Geraldine Van Bueren, a Commissioner for the Equality and Human Rights Commission said:

“It’s important that the government and its agencies have the information they need about us to do their job, for example to fight crime, or protect our health. However, the state is holding increasing amounts of information about our lives without us knowing, being able to check that it’s accurate or being able to challenge this effectively.

“This needs to change so that any need for personal information has to be clearly justified by the organisation that wants it. The law and regulatory framework needs to be simplified and in the meantime public authorities need to check what data they have and that it complies with the existing laws.”

Ends

For more press information contact the Commission’s media office on 020 3117 0255, out of hours 07767 272 818.

For general enquiries please contact the Commission’s national helpline: England 0845 604 6610, Scotland 0845 604 5510 or Wales 0845 604 8810.

Notes to editors

The research Protecting Information Privacy was carried out for the Equality and Human Rights Commission by Charles Raab (University of Edinburgh) and Benjamin Goold (University of British Columbia). The views in the report are those of the researchers, not expressly those of the Commission. The Commission is publishing the report as a contribution to the debate on information privacy.

Legislation and regulations that protect personal information privacy are set by parliament and specific Commissions, not by the Equality and Human Rights Commission. The Commission’s role as a regulator in this area is to encourage compliance with the right to privacy in relation to domestic and European law and international treaties. These include the Human Rights Act, the European Convention on Human Rights and orders made by the European Court of Human Rights.

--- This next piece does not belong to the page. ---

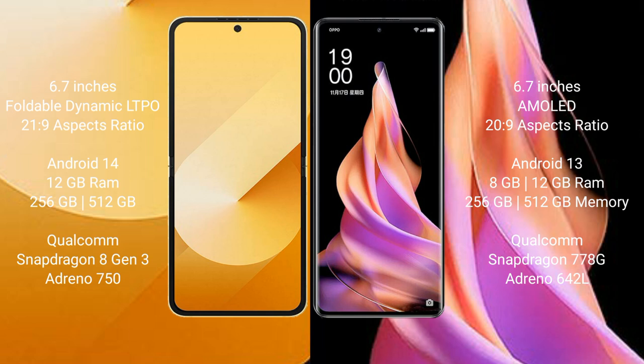Samsung Galaxy Z Flip 6 runs on the Android 14 operating system. Oppo Reno 9 runs on the Android 13 operating system. Samsung Galaxy Z Flip 6 comes with 12GB RAM and 256GB or 512GB internal storage.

Personal information privacy is covered by numerous laws including:

  • Abortion Act 1967
  • Access to Medical Reports Act 1988
  • Anti-Terrorism, Crime and Security Act 2001
  • Charities Act 1993
  • Charter of Fundamental Rights of the European Union
  • Child Support Act 1991
  • Companies Act 2006
  • Coroners and Justice Act 2009
  • Crime and Disorder Act 1998
  • Data Protection Act 1998
  • Environmental Protection Act 1990
  • EU Data Protection Directive1995
  • Finance Act 1989
  • Freedom of Information (Scotland) Act 2002
  • Freedom of Information Act 2000
  • Health and Safety at Work Act 1974
  • Human Rights Act 1998
  • Human Tissue Act 2004
  • Intelligence Services Act 1984
  • Local Government Act 1972
  • Police Act 1997
  • Regulation of Investigatory Powers Act 2000
  • Regulation of Investigatory Powers (Scotland) Act 2000
  • Social Security Administration Act 1992
  • Taxes Management Act 1970

The regulators of these laws include:

  • Equality and Human Rights Commission
  • Independent Police Complaints Commission
  • Information Commissioner’s Office
  • Information Tribunal
  • Intelligence Services Commissioner
  • Interception Communications Commission
  • Investigatory Powers Tribunal
  • Office of the Surveillance Commissioner
  • Scottish Information Commissioner

The Equality and Human Rights Commission is a statutory body established under the Equality Act 2006, which took over the responsibilities of Commission for Racial Equality, Disability Rights Commission and Equal Opportunities Commission. It is the independent advocate for equality and human rights in Britain. It aims to reduce inequality, eliminate discrimination, strengthen good relations between people, and promote and protect human rights. The Commission enforces equality legislation on age, disability, gender reassignment, marriage and civil partnership, pregnancy and maternity, race, religion or belief, sex, sexual orientation, and encourages compliance with the Human Rights Act. It also gives advice and guidance to businesses, the voluntary and public sectors, and to individuals.